LingoHub’s Autofill beta translation outdoes Google Translate

Source:trendingtopics.at

The job of translating websites owned by companies and their apps is considered to be a very tedious job. It can be very frustrating for translators and developers to make a head out of the bunch and then put in such a way that the users can make sense of. Some part of Austrian entrepreneurs got frustrated with this as they released their translation business some years back.

LingoHub knowing these frustrations that companies and developers are encountering when putting up their own technology, created this technology that will enable continuous translation and updates for sites that are making use of automatic machine translation (MT).

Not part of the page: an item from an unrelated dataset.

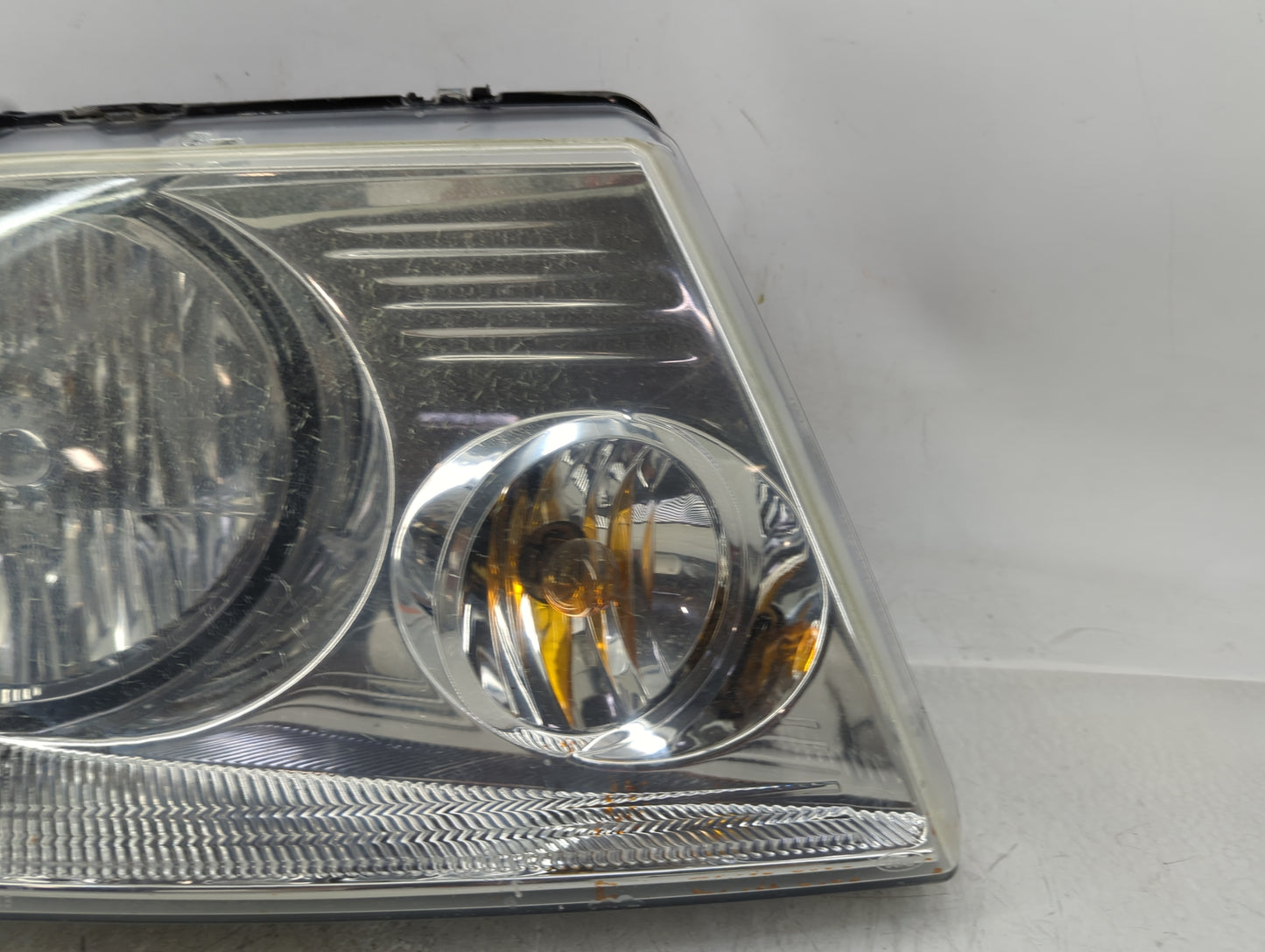 2004-2008 Ford F-150 Passenger Right Oem Head Light Headlight Lamp - Oemusedautoparts1.com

CEO and co-founder of LingoHub, Helmut Juskewycz, said they wanted to simplify localization which is the term used by developers when translating websites.

Juskewycz and Markus Merzinger piloted the company back in 2013 after it had been launched in 2010 as a company that is very much interested in translation.

With their Translation Memory Autofill, sites can automatically switch to clients’ preferred language running in beta across Bitbucket, GitHub or REST API.

Juskewycz also said that the drive to come up with the idea was as a result of the challenges that has to do with time and cost that developers have to deal with every time. He said his degree in computer science helped him in perfecting what is required for automatic translation.

They simplify the work for the developers who send in their work that are sent to translators, and then the finished work is sent back to the developers. The system makes use of machine translation that works on it first before a human professional translator peruses through it. So for the human translators, they go through for errors and accuracy to ensure rough edges are smoothened so that a lot of work and time are saved the developers.

At first they could only translate 35 languages by vetted translators numbering 3, 500, but can now translate over 200 languages. As of the moment, they seem to have more customers from mobile app which is why they have devoted more work to it. The German-speaking part of Austria, Germany and Switzerland clients seem to make up the better part of their clientele base.

Juskewycz also noted that they can allow a company use their software with their very own translator if that is what they prefer.